──────── SUPPLIED DATA
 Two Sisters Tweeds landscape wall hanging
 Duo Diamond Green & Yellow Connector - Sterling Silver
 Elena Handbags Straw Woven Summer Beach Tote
────────────────
▶ [EXERCISE]:
Output the data in full, precisely as it appears above.

▶ [RESULT]:
 Two Sisters Tweeds landscape wall hanging
 Duo Diamond Green & Yellow Connector - Sterling Silver
 Elena Handbags Straw Woven Summer Beach Tote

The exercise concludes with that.